Overfitting if: training loss << validation loss
Underfitting if: training loss >> validation loss
Just right if training loss ~ validation loss
Question: How should we interpret >>, <<, and ~?
For example, what ratio between the training and validation loss would indicate that you are overfitting, underfitting, or in a good place?
Ok so your underlying question. How to interpret << >>
Not an expert but my assumptions have been
- Typically validation loss should be similar to but slightly higher than training loss. As long as validation loss is lower than or even equal to training loss one should keep doing more training.

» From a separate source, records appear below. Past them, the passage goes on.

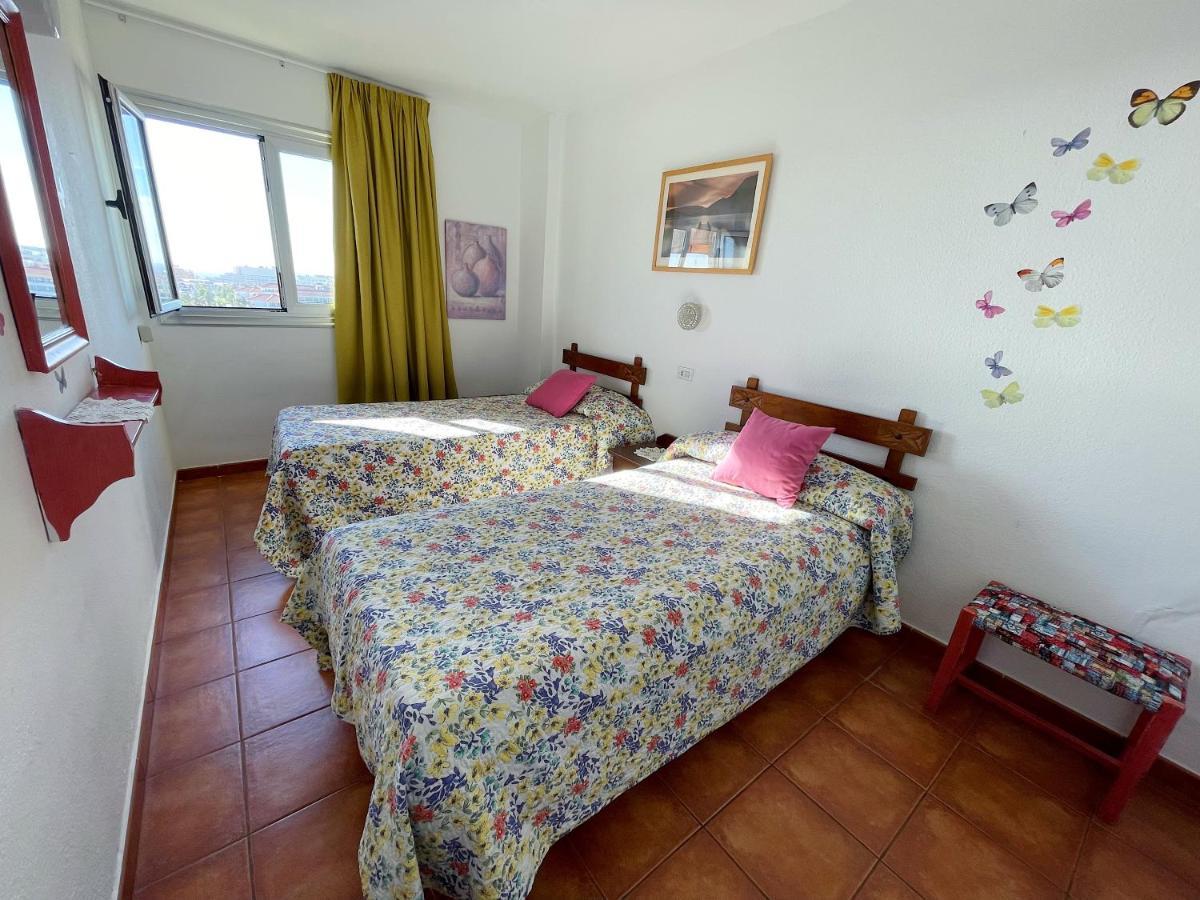 Torres Del Sol Apartment Playa de las Americas  Luaran gambar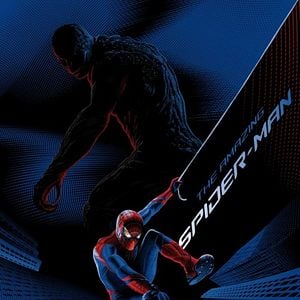 Foto The Amazing Spider-Man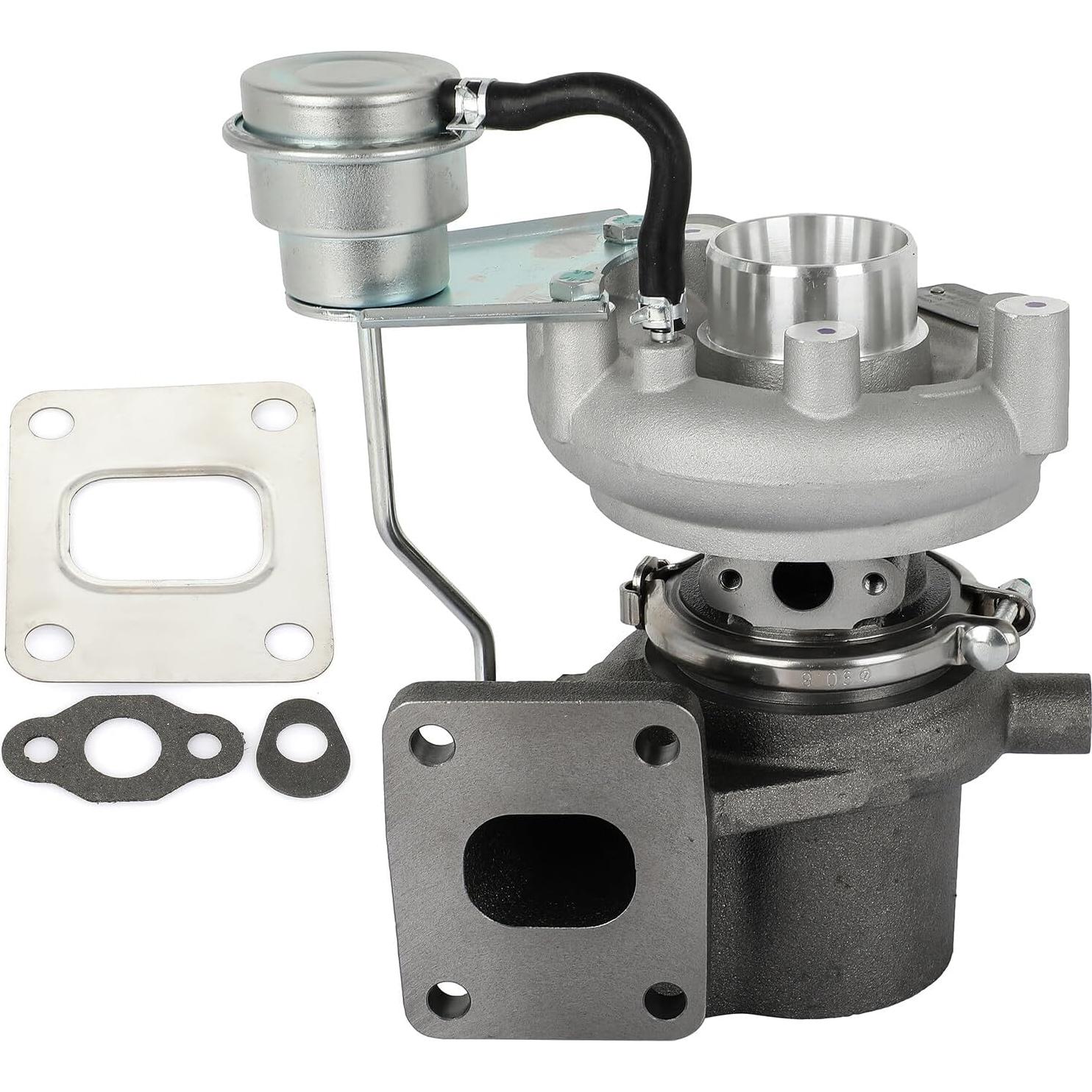 Turboalimentador Ineedup para Mitsubishi Fuso D4DA 3.9L Diesel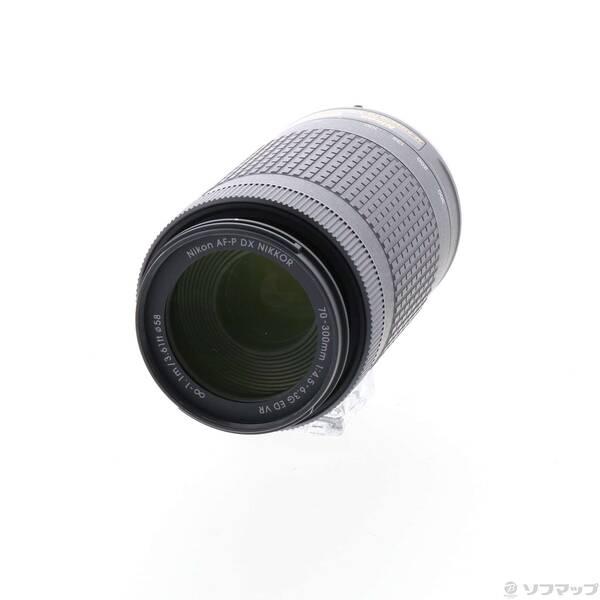 〔中古〕Nikon(ニコン) Nikon AF-P DX NIKKOR 70-300mm f／4.5-6.3G ED VR〔262-ud〕 | 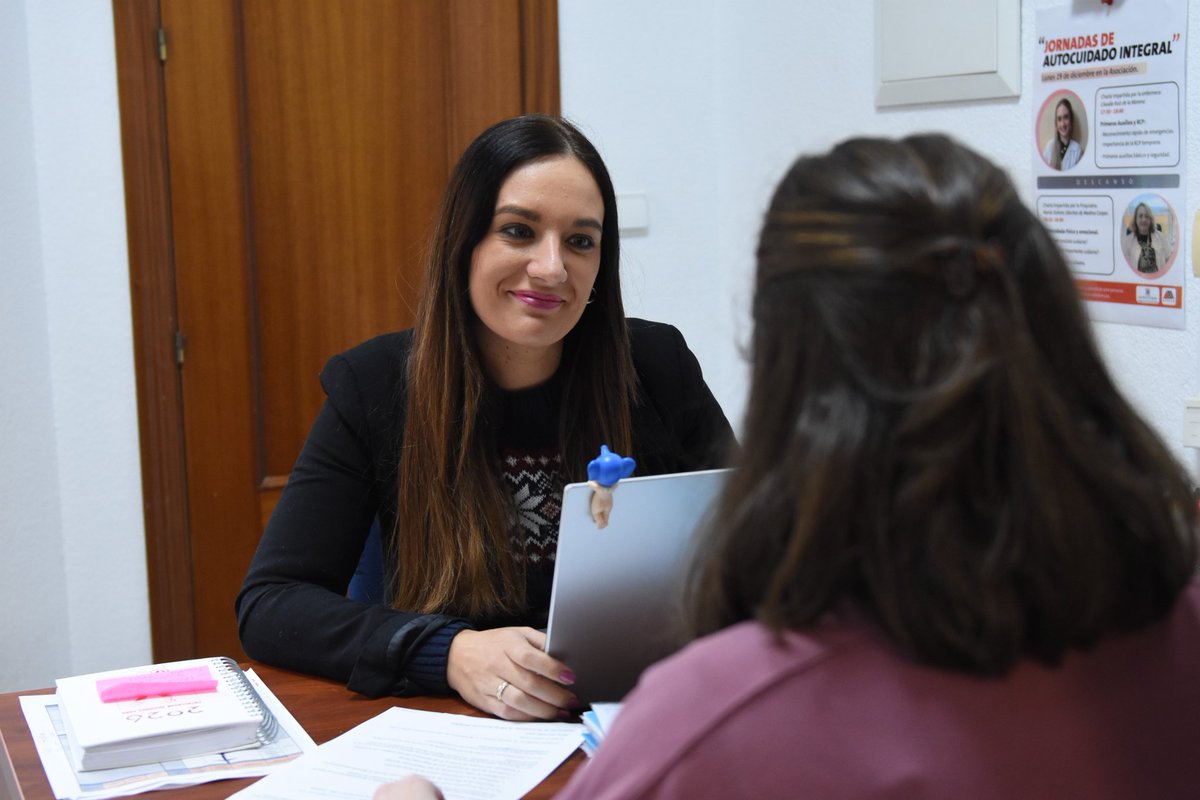 Daño Cerebral Córdoba tweet media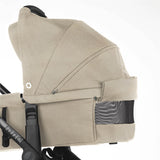 Jane Crosslight 3 + Sweet + Kombibaby Travel System, Desert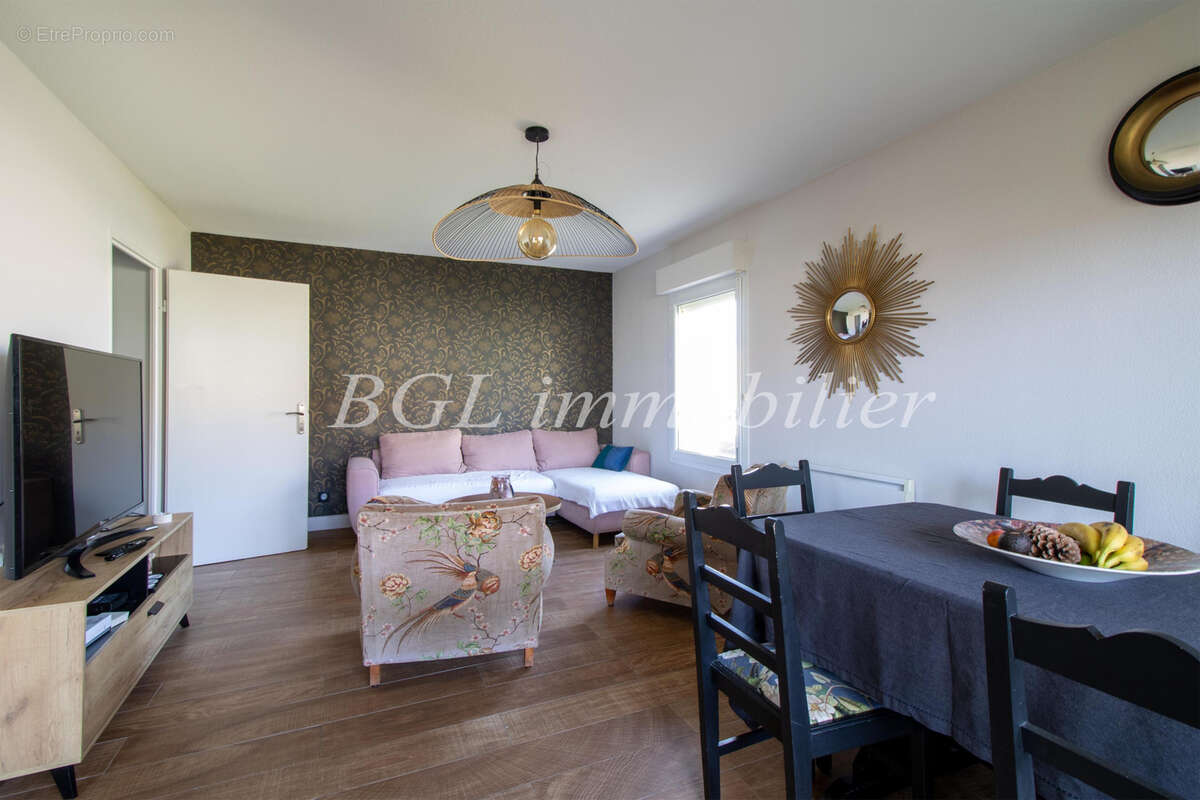 A quelques pas de la dune océane -  appartement t3 soigné - photo 8
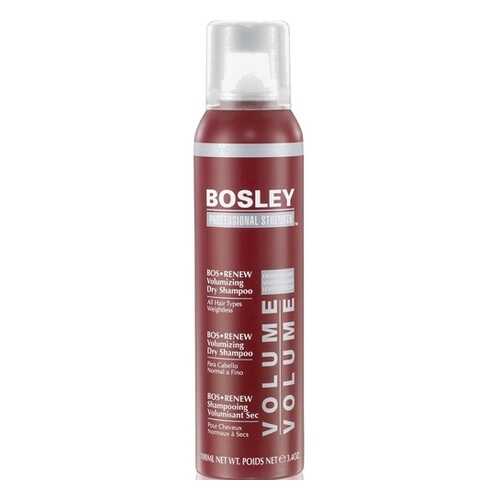 Сухой шампунь BOSLEY Bos Renew Volumizing Dry Shampoo, 100 мл в Подруга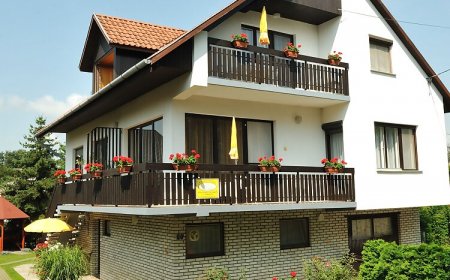 Zsuzsa Apartman Hévíz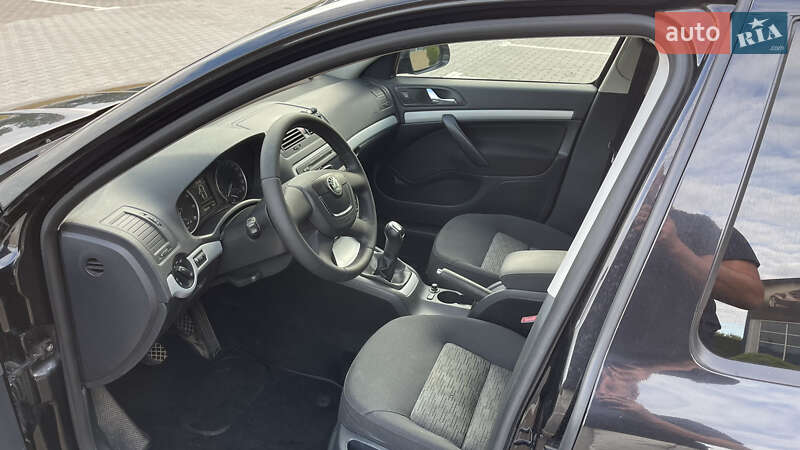 Універсал Skoda Octavia 2011 в Броварах
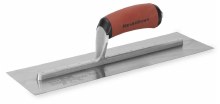 TROWEL, FINISHING, 14" X 4", DURASOFT HANDLE, MXS64D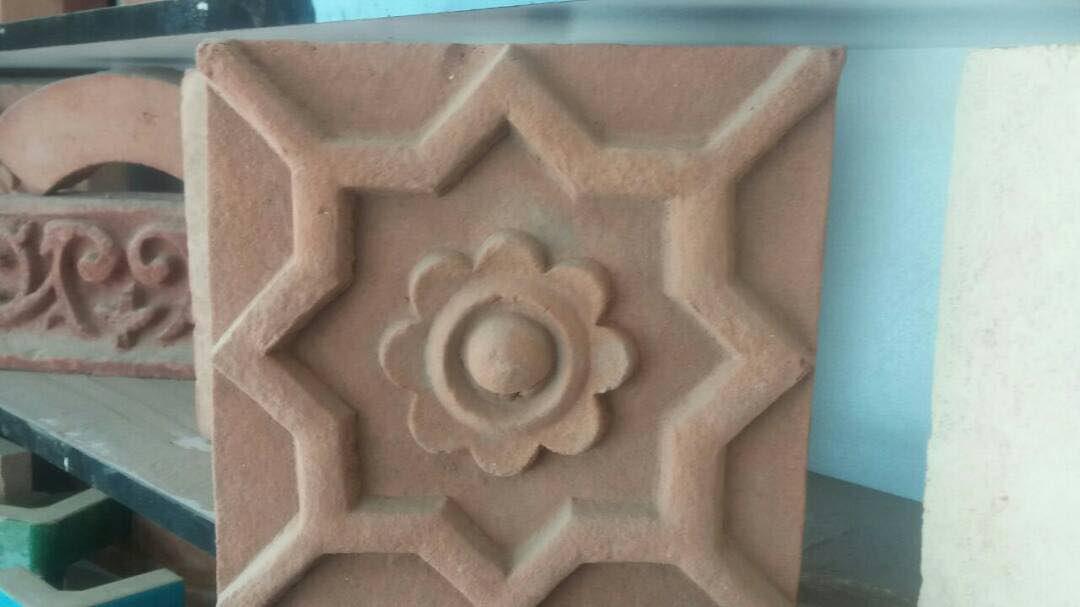 تصویر 3 از خرید و فروش آجر نسوز طرح دار با شرایط فوق العاده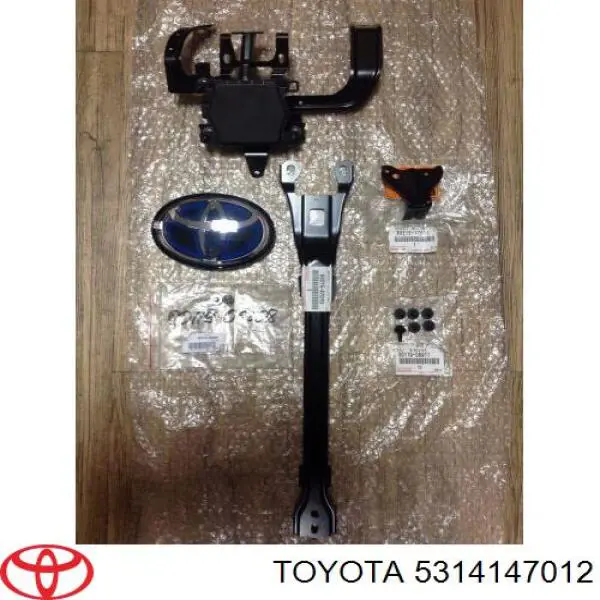 5314147012 Toyota logotipo del radiador i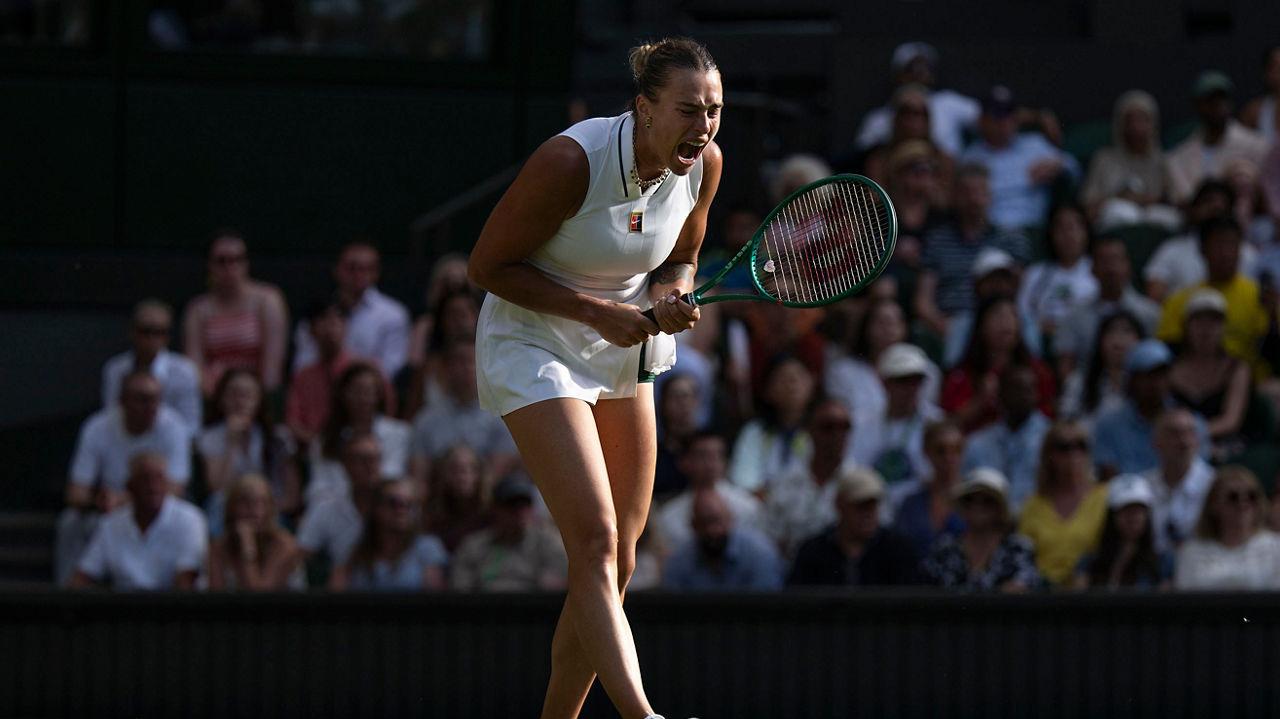 Aryna Sabalenka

- If training loss is reducing without increase in validation loss then again keep doing more training
- If validation loss starts increasing then it is time to stop
- If overall accuracy still not acceptable then review mistakes model is making and think of what can one change:
- More data? More / different data augmentations? Generative data?
- Different architecture?
Funnily enough, some over-fitting is nearly always a good thing. All that matters in the end is: is the validation loss as low as you can get it (and/or the val accuracy as high)? This often occurs when the training loss is quite a bit lower.
From lesson 1 we have:
If you try training for more epochs, you’ll notice that we start to overfit, which means that our model is learning to recognize the specific images in the training set, rather than generalizing such that we also get good results on the validation set.
So, I took the 3 lines of code and ran for 50 epochs and got the following:
arch=resnet34 data = ImageClassifierData.from_paths(PATH, tfms=tfms_from_model(arch, sz)) learn = ConvLearner.pretrained(arch, data, precompute=True) learn.fit(0.01, 50)
Two things I observe from this graph about over-fitting are:
- The training loss keeps decreasing after every epoch. Our model is learning to recognize the specific images in the training set.
- The validation loss keeps increasing after every epoch. Our model is not generalizing well enough on the validation set.
After 250 epochs
The trend is so clear with lots of epochs!